Chronic Hepatitis C (CHC)

PegIntron®, as part of a combination regimen, is indicated for the treatment of Chronic Hepatitis C (CHC) in patients with compensated liver disease.

  • PegIntron in combination with REBETOL® (ribavirin) and an approved Hepatitis C Virus (HCV) NS3/4A protease inhibitor is indicated in adult patients (18 years of age and older) with HCV genotype 1 infection (see labeling of the specific HCV NS3/4A protease inhibitor for further information).
  • PegIntron in combination with REBETOL is indicated in patients with genotypes other than 1, pediatric patients (3-17 years of age), or in patients with genotype 1 infection where use of an HCV NS3/4A protease inhibitor is not warranted based on tolerability, contraindications or other clinical factors.

PegIntron monotherapy should only be used in the treatment of CHC in patients with compensated liver disease if there are contraindications to or significant intolerance of REBETOL and is indicated for use only in previously untreated adult patients. Combination therapy provides substantially better response rates than monotherapy [see Clinical Studies].

DOSAGE AND ADMINISTRATION

PegIntron Combination Therapy

Adults

The recommended dose of PegIntron is 1.5 mcg/kg/week. The volume of PegIntron to be injected depends on the strength of PegIntron and patient's body weight (see Table 1).

The recommended dose of REBETOL for use with PegIntron is 800 to 1400 mg orally based on patient body weight. REBETOL should be taken with food. REBETOL should not be used in patients with creatinine clearance less than 50 mL/min.

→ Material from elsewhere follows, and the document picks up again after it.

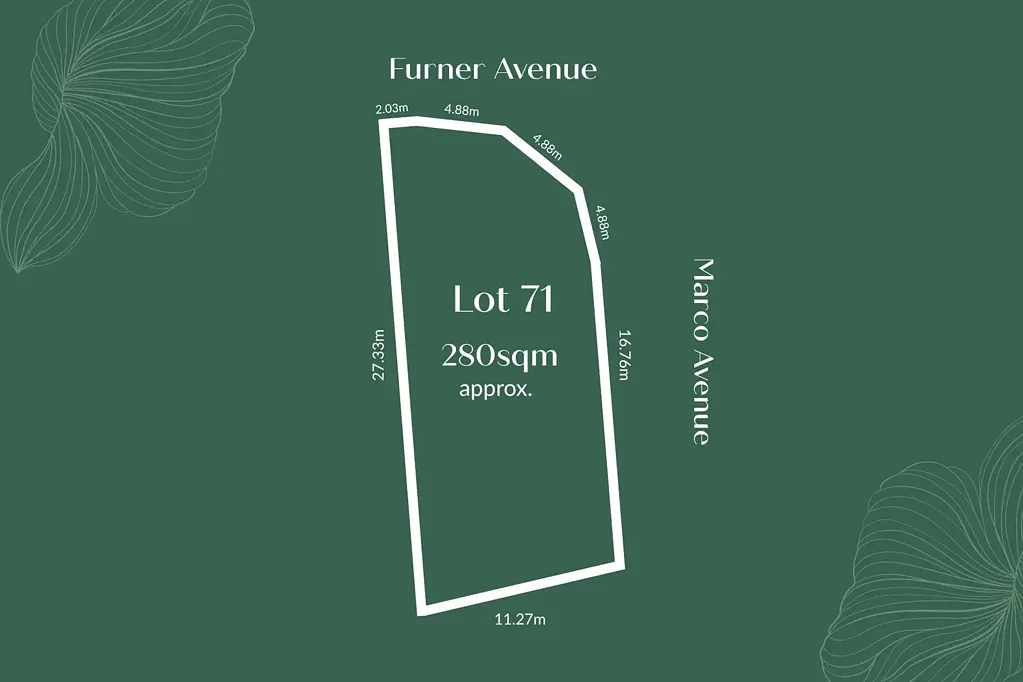 Ingle Farm  Build Your Future in a Convenient Ingle Farm Location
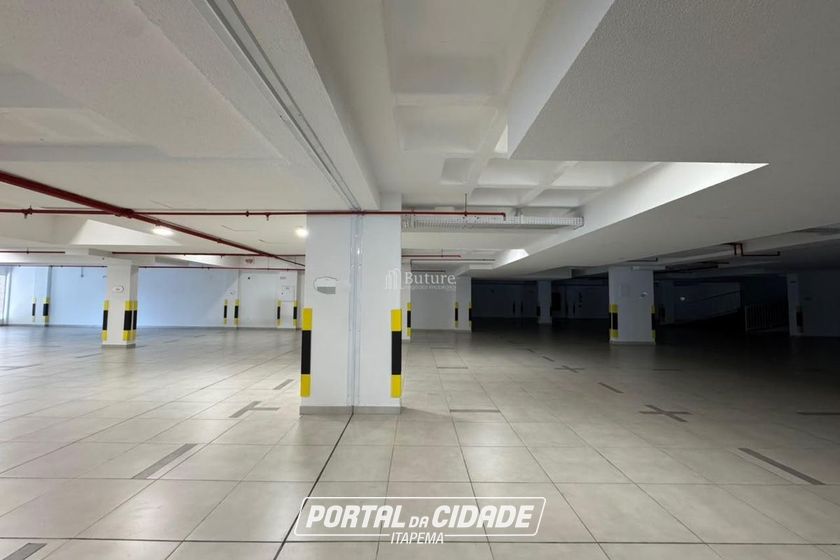 Apartamento &agrave; venda - 208m&sup2; - Centro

See labeling of the specific HCV NS3/4A protease inhibitor for information regarding dosing regimen and administration of the protease inhibitor in combination with PegIntron and ribavirin.

Duration Of Treatment – Treatment With PegIntron/REBETOL Of Interferon Alpha-Na´ve Patients

The treatment duration for patients with genotype 1 is 48 weeks. Discontinuation of therapy should be considered in patients who do not achieve at least a 2 log10 drop or loss of HCV-RNA at 12 weeks, or if HCV-RNA remains detectable after 24 weeks of therapy. Patients with genotype 2 and 3 should be treated for 24 weeks.

Duration Of Treatment – Re-Treatment With PegIntron/REBETOL Of Prior Treatment Failures

For patients with genotype 1 infection, PegIntron and REBETOL without an HCV NS3/4A protease inhibitor should only be used if there are contraindications, significant intolerance or other clinical factors that would not warrant use of an HCV NS3/4A protease inhibitor. The treatment duration for patients who previously failed therapy is 48 weeks, regardless of HCV genotype. Re-treated patients who fail to achieve undetectable HCV-RNA at Week 12 of therapy, or whose HCV-RNA remains detectable after 24 weeks of therapy, are highly unlikely to achieve SVR and discontinuation of therapy should be considered [see Clinical Studies].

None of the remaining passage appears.